Doch der Friede sollte nicht lange währen, denn nachdem Karl II. von Spanien am 1. November 1700 ohne Nachkommen gestorben war, entbrannte wiederum ein Krieg um sein Erbe. Erneut stand Hessen-Kassel mit den anderen norddeutschen protestantischen Reichsständen an der Seite des Kaisers, der Generalstaaten und Englands gegen Frankreich, mit dem nun auch Kurbayern, Kursachsen und Kurköln verbündet waren. Karl schloss neue Subsidienverträge mit England, den Niederlanden und dem Kaiser ab. Der Koalition unter der Führung von Prinz Eugen von Savoyen (für den Kaiser) und dem Duke of Marlborough (für England und Holland) stellte er 10.000 Soldaten zur Verfügung, die nun tatsächlich in zahlreiche Kämpfe verwickelt wurden. Die hessischen Truppen führte Karls Sohn Friedrich, einzelne Truppenteile befehligten die Söhne Karl, Wilhelm, Leopold und Ludwig. Nachdem Karl (der Sohn) bereits 1702 bei der Campagne am Rhein verwundet und am 13.11. verstarb, erfochten die Brüder Friedrich, Leopold und Ludwig mit ihren Kontingenten in der Zweiten Schlacht von Höchstädt am 13. August 1704 in den Reihen der Alliierten einen bedeutenden Sieg gegen die Franzosen und Kurbayern. Allerdings starb Leopold einen Monat später infolge der Strapazen des Feldzuges. Karl verlor auch noch einen dritten Sohn in diesem Krieg, nämlich Ludwig in der Schlacht bei Ramillies 1706, in deren Folge die Alliierten einen Großteil der Spanischen Niederlande zurückgewinnen konnten. Die Tatsache, dass auf Seiten der Alliierten bei Höchstädt 52.000 und bei Ramillies sogar 62.000 Soldaten kämpften, verdeutlicht, wie gering letztlich der Anteil der landgräflichen Truppen von kontinuierlich etwa 10–12.000 Mann an den Gesamtstreitkräften war. Die Hessen wurden nun vor allem im Bewegungskrieg und kaum mehr in Schlachten eingesetzt, 1707 in Oberitalien, dann wieder in Flandern. 1712 schied England aus dem Krieg aus und blieb die vereinbarten Subsidien schuldig. In der Rheinfels-Sache kam Karl auch nicht weiter voran, so dass die Friedensschlüsse von Utrecht, Rastatt und Baden im Aargau 1713/14 für die Landgrafschaft scheinbar nur das Ergebnis hatte, dass die Streitkräfte zunächst wieder halbiert wurden.[16]

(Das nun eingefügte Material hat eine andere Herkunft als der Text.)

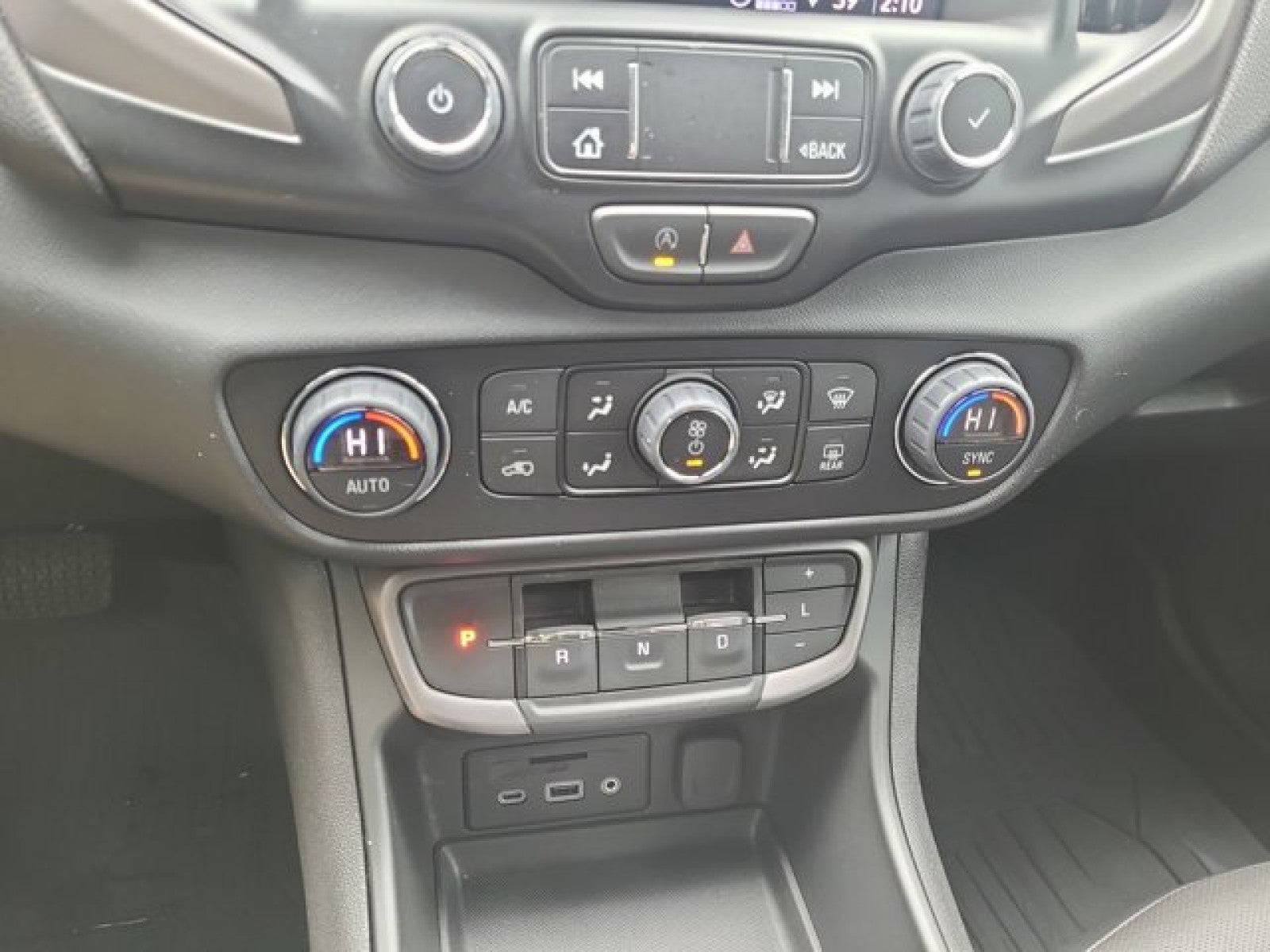 2023 GMC Terrain AT4 AWD | Adaptive cruise, tech package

Die Heiratspolitik Landgraf Karls erreichte einen Höhepunkt, als Prinz Friedrich in zweiter Ehe Ulrike Eleonore, die Schwester des schwedischen Königs Karl XII., ehelichte. Als der schwedische Monarch am 11. Dezember 1718 kinderlos verstarb, war die Thronfolge ungeklärt. Die schwedischen Reichsstände bestimmten zunächst Ulrike Eleonore zur Königin von Schweden. Diese dankte jedoch im Jahr 1720 zugunsten ihres Gemahls Friedrich ab.[17] Mit seiner Wahl akzeptierte Friedrich eine Verfassung, die seine Befugnisse weitgehend einschränkte. In Schweden lag die Macht – zu der Zeit einzigartig in Europa – bei einem Ständeparlament, während der Monarch eine repräsentative Funktion einnahm.

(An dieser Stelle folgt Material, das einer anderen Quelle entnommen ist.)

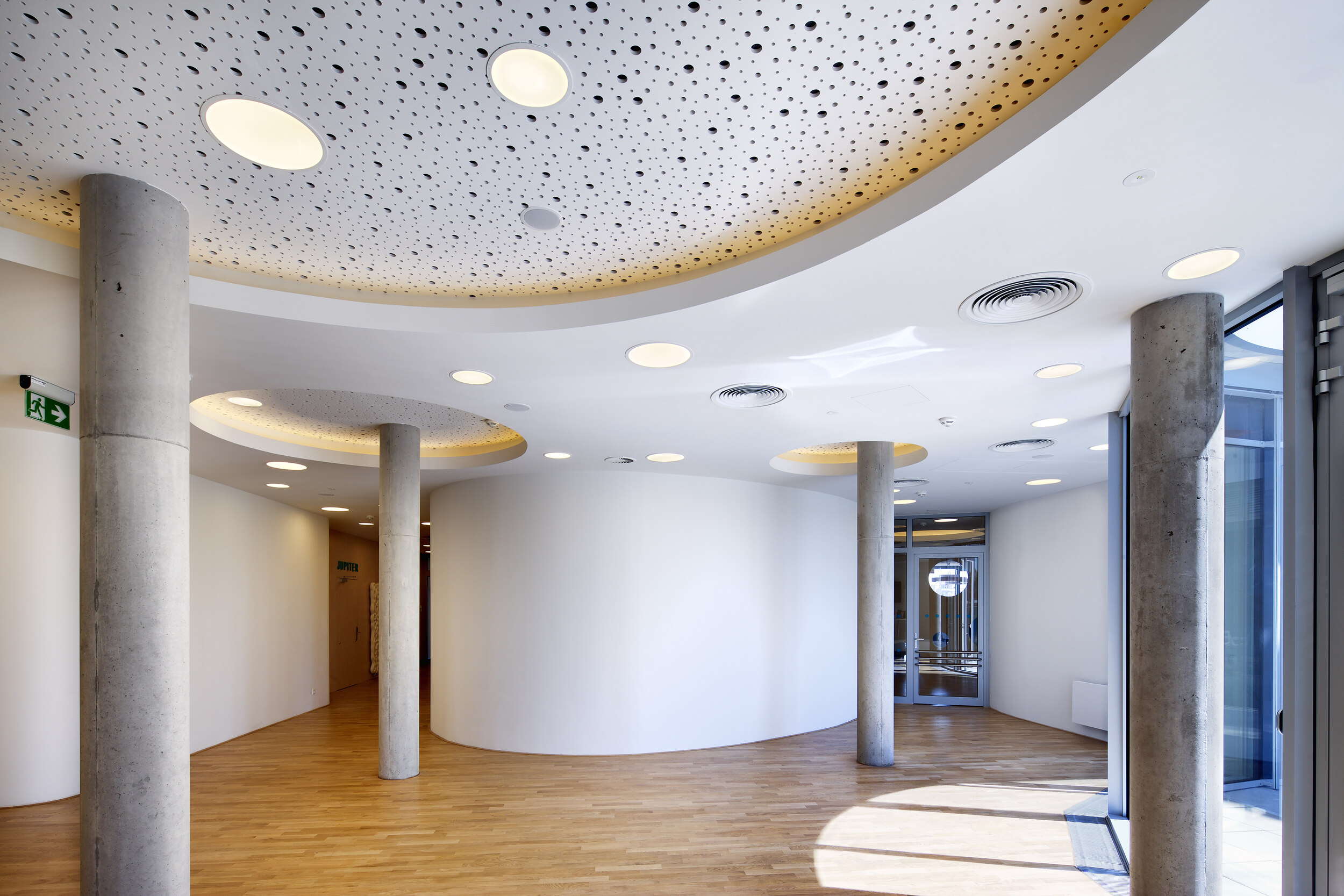 junker holice proubrat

In Hessen-Kassel dagegen herrschte Landgraf Karl als absolutistischer Monarch. Es gelang ihm, die Folgen des Dreißigjährigen Krieges, vor allem die Entvölkerung durch die Ansiedlung von Hugenotten und eine merkantilistische Wirtschaftsförderung zu überwinden. Mit prachtvollen Barockbauten wie dem Herkules, Oktogon und Kaskaden schuf er wesentliche Grundlagen für den späteren Bergpark Wilhelmshöhe. Zur Finanzierung nutzte er auch die Einnahmen aus Subsidien (Soldatenhandel) zum Beispiel im Jahr 1687 mit der Ausleihe von Truppen an die Republik Venedig zum Einsatz gegen die Osmanen,[18] was von seinen Nachfolgern fortgesetzt wurde.

Katholischer Landgraf

1749 konvertierte der Erbprinz Friedrich im Hochstift Paderborn zunächst heimlich vom reformierten zum römisch-katholischen Glauben. Diese persönliche Entscheidung wurde von seiner Familie auf das schärfste bekämpft. Friedrichs Vater, Landgraf Wilhelm VIII., der in einer Regentschaft das Land regierte, verpflichtete seinen Nachfolger 1754 in einer Assekurationsakte, den evangelischen Glauben im Lande nicht anzutasten und Bündnisverpflichtungen vor allem gegenüber Preußen einzuhalten. Die Grafschaft Hessen-Hanau wurde von Hessen-Kassel abgetrennt und dem Sohn Friedrichs II., dem späteren Kurfürsten Wilhelm I., als Paragium übertragen, wobei seine Mutter zunächst die Regentschaft für ihn ausübte.

Siebenjähriger Krieg

Im Siebenjährigen Krieg kämpfte Hessen-Kassel auf alliierter Seite (Königreich Großbritannien, dem mit ihm in Personalunion verbundenen Kurfürstentum Braunschweig-Lüneburg, dem Königreich Preußen u. a. deutschen Kleinstaaten). Die protestantischen Alliierten begegneten dem katholischen Landgrafen bei dessen Amtsantritt 1760 mit höchstem Misstrauen, während die nach preußischem Vorbild ausgebildeten hessen-kasselschen Soldaten gegen die katholischen französischen Verbündeten Habsburgs erfolgreich kämpften.[19]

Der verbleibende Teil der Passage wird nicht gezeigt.